Statistical inference problems with applications to computational structural biology

2017-03-02T23:14:18Z (GMT) by Kasarapu, Parthan
In this data pervasive world, the efficient and accurate modelling of data is crucial to support reliable analyses and to improve the solution to related problems. In order to describe the given data, the problem of selecting a suitable model has to be carefully addressed. Traditional approaches to the problem of optimal model selection have relied predominantly on the number of model parameters rather than the actual parameters themselves.
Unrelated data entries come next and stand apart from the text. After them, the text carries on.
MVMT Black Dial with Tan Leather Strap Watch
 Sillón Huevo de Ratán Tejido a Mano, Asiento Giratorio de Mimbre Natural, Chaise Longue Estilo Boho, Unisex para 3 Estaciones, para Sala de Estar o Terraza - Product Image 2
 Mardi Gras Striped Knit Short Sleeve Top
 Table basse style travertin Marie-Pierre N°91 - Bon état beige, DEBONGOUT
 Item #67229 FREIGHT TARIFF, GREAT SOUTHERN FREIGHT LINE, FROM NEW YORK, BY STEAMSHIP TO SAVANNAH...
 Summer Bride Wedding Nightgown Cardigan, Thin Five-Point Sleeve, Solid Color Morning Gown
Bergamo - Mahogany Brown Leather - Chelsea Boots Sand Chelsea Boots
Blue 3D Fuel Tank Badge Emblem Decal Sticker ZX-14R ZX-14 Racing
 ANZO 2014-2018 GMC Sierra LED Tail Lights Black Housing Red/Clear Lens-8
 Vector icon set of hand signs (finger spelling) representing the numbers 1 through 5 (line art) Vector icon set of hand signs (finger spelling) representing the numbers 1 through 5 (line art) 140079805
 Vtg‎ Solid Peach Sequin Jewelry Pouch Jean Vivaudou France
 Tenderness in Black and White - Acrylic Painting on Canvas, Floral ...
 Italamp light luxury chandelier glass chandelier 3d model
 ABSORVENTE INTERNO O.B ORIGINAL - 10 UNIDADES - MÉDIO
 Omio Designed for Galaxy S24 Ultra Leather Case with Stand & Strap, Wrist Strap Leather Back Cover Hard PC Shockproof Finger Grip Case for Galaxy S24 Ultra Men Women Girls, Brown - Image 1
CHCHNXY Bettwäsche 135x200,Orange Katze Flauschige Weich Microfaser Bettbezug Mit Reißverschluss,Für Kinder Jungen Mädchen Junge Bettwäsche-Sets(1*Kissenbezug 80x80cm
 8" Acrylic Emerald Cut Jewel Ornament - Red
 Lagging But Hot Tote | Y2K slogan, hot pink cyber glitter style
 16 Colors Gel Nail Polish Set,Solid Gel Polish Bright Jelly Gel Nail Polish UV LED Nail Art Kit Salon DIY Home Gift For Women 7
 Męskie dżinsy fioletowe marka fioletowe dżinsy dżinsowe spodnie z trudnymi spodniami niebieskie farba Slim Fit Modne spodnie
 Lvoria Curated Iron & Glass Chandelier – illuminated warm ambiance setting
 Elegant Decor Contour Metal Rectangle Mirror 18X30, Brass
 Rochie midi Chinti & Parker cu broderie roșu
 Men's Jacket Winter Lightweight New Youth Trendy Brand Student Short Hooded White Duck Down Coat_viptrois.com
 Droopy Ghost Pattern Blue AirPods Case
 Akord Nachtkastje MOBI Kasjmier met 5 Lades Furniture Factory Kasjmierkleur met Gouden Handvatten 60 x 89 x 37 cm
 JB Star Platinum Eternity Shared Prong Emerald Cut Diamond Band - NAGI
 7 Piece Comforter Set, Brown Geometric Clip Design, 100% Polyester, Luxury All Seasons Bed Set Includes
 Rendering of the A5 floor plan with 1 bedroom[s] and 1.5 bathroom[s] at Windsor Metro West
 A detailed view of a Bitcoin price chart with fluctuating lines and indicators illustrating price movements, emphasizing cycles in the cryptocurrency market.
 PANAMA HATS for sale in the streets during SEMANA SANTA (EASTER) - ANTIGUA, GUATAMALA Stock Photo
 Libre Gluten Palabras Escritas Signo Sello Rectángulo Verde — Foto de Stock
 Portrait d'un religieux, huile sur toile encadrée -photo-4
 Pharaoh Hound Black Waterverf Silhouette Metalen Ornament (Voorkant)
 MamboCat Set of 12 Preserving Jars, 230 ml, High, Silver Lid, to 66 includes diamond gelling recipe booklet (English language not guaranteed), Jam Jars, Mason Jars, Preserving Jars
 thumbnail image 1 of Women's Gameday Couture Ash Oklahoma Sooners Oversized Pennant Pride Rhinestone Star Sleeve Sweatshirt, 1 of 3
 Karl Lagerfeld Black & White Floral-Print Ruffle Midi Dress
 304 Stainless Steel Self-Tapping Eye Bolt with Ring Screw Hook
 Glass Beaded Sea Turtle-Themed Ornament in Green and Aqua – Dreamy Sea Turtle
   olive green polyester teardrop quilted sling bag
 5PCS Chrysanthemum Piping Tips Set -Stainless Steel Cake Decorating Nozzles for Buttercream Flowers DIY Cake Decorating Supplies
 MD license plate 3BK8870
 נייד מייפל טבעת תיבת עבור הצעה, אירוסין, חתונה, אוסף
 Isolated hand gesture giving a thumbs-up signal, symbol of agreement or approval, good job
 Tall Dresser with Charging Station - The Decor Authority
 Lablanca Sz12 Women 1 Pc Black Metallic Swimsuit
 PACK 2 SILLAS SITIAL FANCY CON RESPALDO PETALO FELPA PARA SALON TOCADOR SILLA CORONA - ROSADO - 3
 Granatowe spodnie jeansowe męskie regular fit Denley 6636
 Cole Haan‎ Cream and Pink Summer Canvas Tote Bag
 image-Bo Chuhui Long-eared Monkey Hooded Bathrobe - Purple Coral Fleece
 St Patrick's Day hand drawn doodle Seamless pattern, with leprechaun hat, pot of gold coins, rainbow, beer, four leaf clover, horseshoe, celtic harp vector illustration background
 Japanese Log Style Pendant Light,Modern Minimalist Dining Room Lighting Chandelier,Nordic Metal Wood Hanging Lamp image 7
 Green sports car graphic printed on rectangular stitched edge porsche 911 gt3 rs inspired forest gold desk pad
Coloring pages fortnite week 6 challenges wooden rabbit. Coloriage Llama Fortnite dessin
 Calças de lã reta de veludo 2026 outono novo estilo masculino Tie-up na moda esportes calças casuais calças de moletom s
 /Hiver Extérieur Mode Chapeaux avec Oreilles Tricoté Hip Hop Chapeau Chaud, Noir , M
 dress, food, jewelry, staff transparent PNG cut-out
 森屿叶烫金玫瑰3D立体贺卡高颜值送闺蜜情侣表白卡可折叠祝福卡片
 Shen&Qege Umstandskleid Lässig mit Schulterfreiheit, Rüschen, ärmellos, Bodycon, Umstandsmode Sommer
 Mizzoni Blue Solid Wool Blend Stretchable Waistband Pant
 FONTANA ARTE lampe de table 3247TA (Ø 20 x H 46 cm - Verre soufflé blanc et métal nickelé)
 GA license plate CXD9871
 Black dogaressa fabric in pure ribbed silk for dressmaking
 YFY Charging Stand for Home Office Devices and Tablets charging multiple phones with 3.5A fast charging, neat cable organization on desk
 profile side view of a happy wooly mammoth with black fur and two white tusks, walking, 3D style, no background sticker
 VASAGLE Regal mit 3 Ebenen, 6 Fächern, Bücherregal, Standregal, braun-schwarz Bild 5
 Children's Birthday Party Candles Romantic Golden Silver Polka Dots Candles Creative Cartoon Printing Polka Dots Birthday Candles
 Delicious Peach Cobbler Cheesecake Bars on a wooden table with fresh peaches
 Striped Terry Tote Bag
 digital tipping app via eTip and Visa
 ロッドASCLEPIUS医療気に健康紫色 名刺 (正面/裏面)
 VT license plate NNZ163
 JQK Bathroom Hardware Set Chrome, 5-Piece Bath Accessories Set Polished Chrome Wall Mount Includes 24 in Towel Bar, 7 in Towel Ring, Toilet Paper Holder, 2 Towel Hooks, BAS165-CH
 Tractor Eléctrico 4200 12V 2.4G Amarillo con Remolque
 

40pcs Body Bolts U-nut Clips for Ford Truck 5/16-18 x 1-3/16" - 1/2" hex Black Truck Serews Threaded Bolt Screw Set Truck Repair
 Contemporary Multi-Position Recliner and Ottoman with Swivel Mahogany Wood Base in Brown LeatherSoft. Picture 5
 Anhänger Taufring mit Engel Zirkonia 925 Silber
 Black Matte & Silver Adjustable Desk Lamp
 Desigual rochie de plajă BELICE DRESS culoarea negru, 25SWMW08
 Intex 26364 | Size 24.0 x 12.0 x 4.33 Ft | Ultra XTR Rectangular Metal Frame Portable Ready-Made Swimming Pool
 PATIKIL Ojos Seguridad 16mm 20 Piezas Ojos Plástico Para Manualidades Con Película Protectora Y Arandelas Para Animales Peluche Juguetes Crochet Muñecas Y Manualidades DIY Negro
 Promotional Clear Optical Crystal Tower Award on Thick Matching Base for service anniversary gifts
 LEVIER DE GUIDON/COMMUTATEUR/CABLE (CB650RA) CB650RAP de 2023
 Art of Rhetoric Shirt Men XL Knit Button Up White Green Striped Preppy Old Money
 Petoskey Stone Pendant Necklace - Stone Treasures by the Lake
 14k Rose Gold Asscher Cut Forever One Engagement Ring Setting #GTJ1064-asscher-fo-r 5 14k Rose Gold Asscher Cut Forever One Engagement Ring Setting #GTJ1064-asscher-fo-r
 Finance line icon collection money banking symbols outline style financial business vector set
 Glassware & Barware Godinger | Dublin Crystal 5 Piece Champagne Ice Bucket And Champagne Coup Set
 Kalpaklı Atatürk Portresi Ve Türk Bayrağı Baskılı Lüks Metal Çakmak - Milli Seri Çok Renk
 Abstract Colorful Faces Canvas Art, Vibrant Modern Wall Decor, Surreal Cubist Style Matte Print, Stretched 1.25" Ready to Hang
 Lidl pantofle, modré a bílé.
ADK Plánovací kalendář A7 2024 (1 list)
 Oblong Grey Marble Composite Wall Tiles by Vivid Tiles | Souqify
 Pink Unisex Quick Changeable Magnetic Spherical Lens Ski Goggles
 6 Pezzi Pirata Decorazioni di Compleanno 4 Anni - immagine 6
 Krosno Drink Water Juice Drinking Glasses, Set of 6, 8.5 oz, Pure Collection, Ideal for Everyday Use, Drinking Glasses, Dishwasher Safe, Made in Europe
This limits the ability of traditional methods to correctly distinguish among models that, while being of different type, have the same number of model parameters. In order to address the problem of model selection satisfactorily, this thesis explores the Bayesian information-theoretic principle of minimum message length (MML). The inference framework based on the MML principle enables the optimal selection of models by using the constituent parameters to better balance the trade-off between the model’s complexity and its goodness-of-fit to the data. The core of this thesis explores the MML-based inference of some of the commonly used probability distributions whose parameters have not yet been characterized and of mixtures of these probability distributions. The models of these probability distributions allow for accurate modelling of data in the Euclidean space and data that is directional in nature. These probabilistic models and their mixtures have widespread uses in statistical machine learning tasks. In this context, we have developed a general purpose search method to determine the optimal number of mixture components and their parameters that describe the given data in a completely unsupervised setting. The use of the MML modelling paradigm and our proposed search method is explored in detail on a variety of real-world data, specifically on directional text data and on the spatial orientation data of protein three-dimensional structures. Further, mixtures of directional probability distributions have facilitated the design of reliable computational models for protein structural data. Furthermore, the inference framework has been used for concise representations of protein folding patterns using a combination of non-linear parametric curves. The results of this work have a wide-variety of important uses including direct applications in protein structural biology.